Trend growth: U.S. vs. Japan

A cyclical slowdown in global growth is unfolding in the context of a long-term decline in trend growth that we identified years ago. Indeed, U.S. long-term trend real GDP growth is converging to about ¾%, the same as Japan’s average real GDP growth over the past quarter-century, spanning its “lost decades.” In that sense, the U.S. is well on the way to “becoming Japan.”

Meanwhile, “lowflation” prevails, with longer-term inflation expectations plunging lately. In the U.S., the 5-year 5-year forward CPI inflation breakeven rate has been hovering around 1½% of late, and the equivalent for Japan has plummeted to a scant 0.1%. These data points relate to the inflation expectations for the first half of the 2020s, meaning that the markets have little confidence that the Fed and especially the Bank of Japan will meet their inflation targets, even in the longer term.

In this context, we revisit the patterns in nominal GDP (NGDP) growth, which unite slowing real activity and falling inflation. The inexorable declines in trend NGDP growth have become even more evident lately, easing to just 3¼% in the U.S. (Chart, top panel, red line), and to just below 2% in Japan (bottom panel, red line).

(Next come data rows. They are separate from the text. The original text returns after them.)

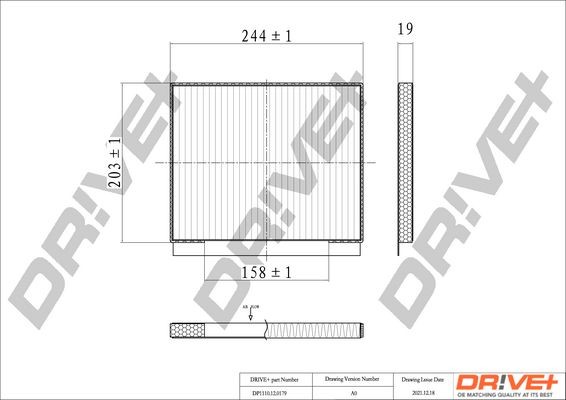 Dr!ve+ DP1110.12.0179: Filtrs, Salona telpas gaiss Aktivētās ogles filtrs
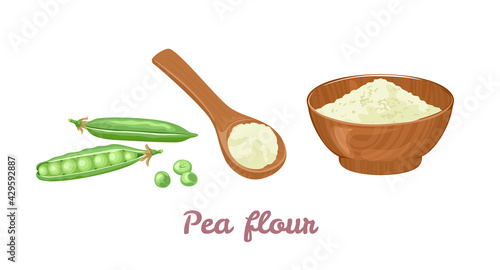 Pea flour in wooden bowl, spoon and green pods with beans isolated on white background. Vector illustration in cartoon flat style.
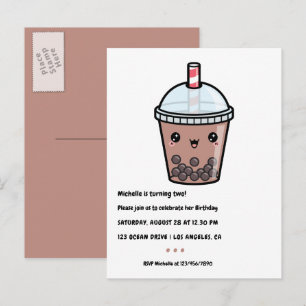 Coffee Brown Kawaii Bubble Tea Birthday Party Postcard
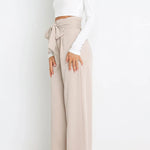 In Vogue Belted Pocketed Wide Leg Pants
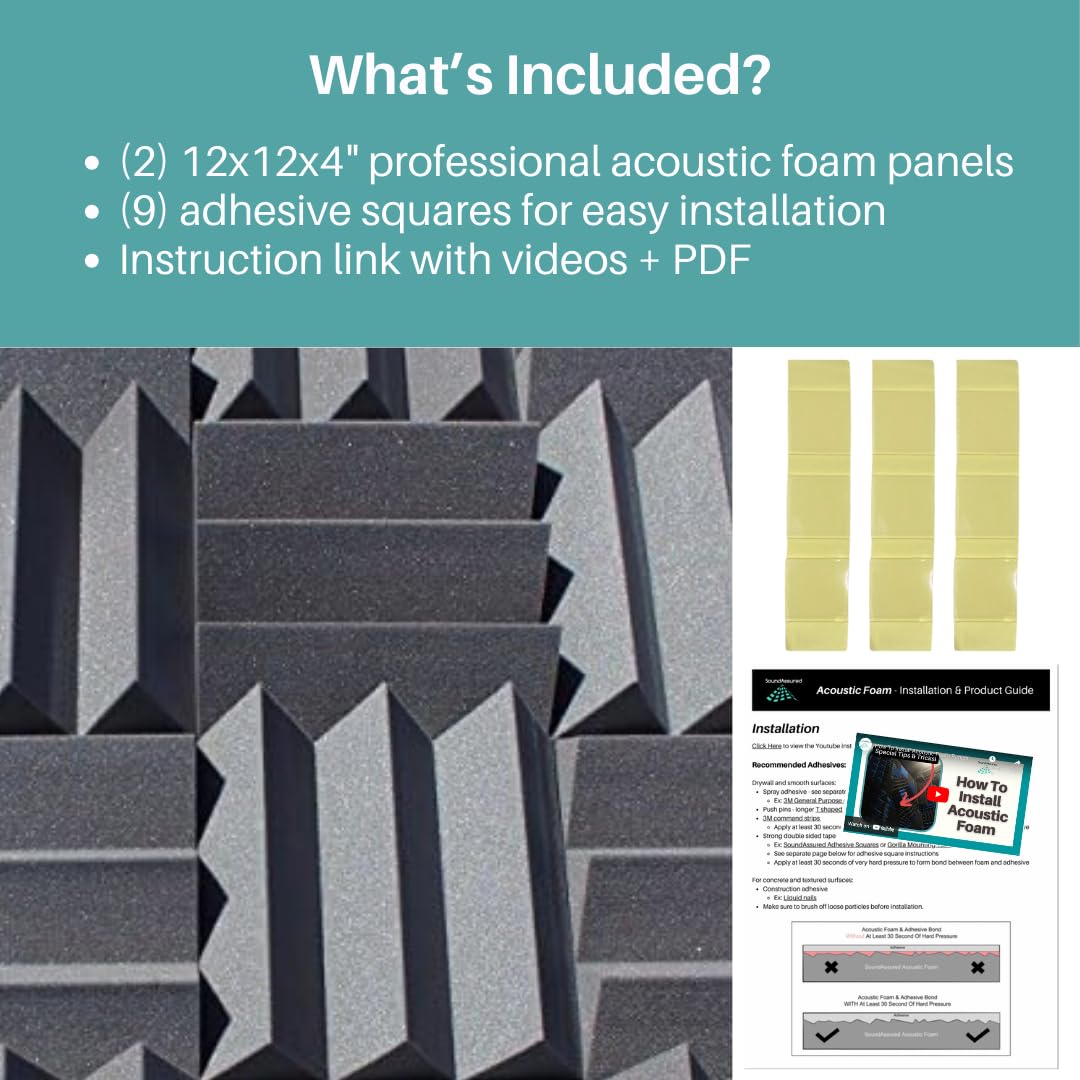 Bass Absorbing Wedge Style Panels - Soundproofing Acoustic Studio Foam - 12"x12"x4" Tiles - 2 Pack - DIY (Charcoal) - Image 4
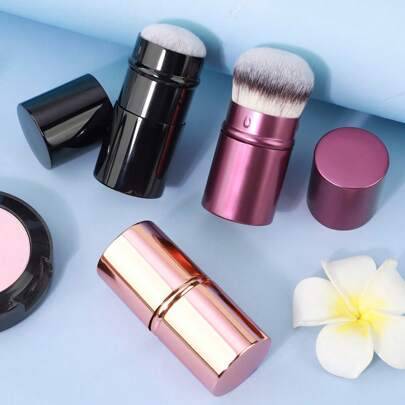 Shein Multifunktionella Infällbara Sminkborstar Rouge Puder Foundationborste - Multifärgad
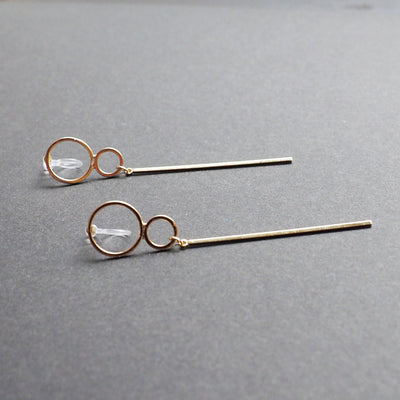 Double hoop with long bar invisible clip on stud earrings ( Gold tone ) - miyabigracejewelry.com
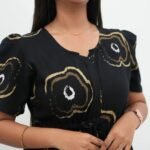 Black & Gold Floral Print Nighty - Image 2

For perspective, please recall that not long ago 5% NGDP growth — the sum of the Fed’s 2% inflation target and a “realistic” trend growth of 3% in real GDP — was considered a standard definition of “business as usual.” Yet, if real GDP growth converges to ¾% in the U.S., while inflation is about 1½%, that would add up to only a 2¼% NGDP growth trend, a full percentage point below the current, already unusual reality, and just above where Japan stands at the moment.